GIVEN MATERIAL

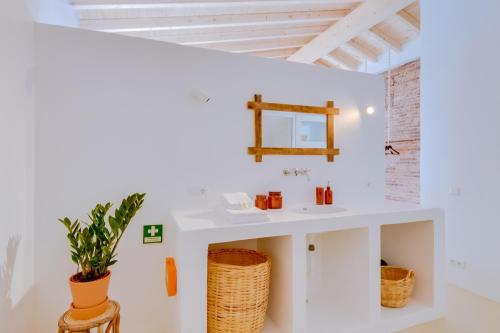 a white bathroom with a sink and a mirror at Casa do Chico in Olhão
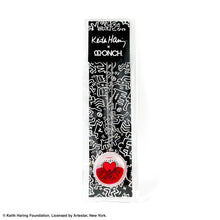 Load image into Gallery viewer, Keith Haring art with three men holding up red heart printed on round clear acrylic pendant filled with red liquid inside a black and white all over print by Kieth haring packaging with collaboration logo with designer ONCH
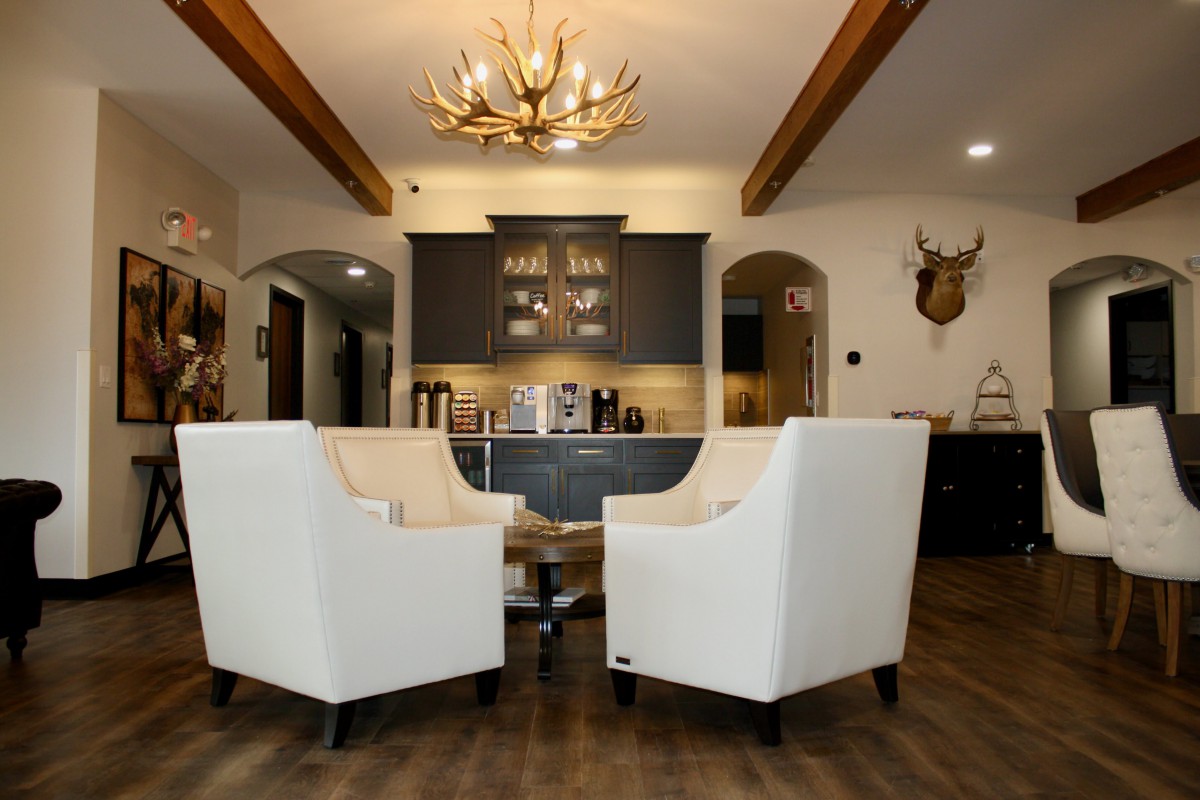 A stylish living room with white armchairs, a unique antler chandelier, and modern design elements.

TASK TO COMPLETE
Please return each line of the listing exactly as written, excluding the images.

OUTPUT FOR THIS TASK
 a white bathroom with a sink and a mirror at Casa do Chico in Olhão
 Load image into Gallery viewer, Keith Haring art with three men holding up red heart printed on round clear acrylic pendant filled with red liquid inside a black and white all over print by Kieth haring packaging with collaboration logo with designer ONCH
 A stylish living room with white armchairs, a unique antler chandelier, and modern design elements.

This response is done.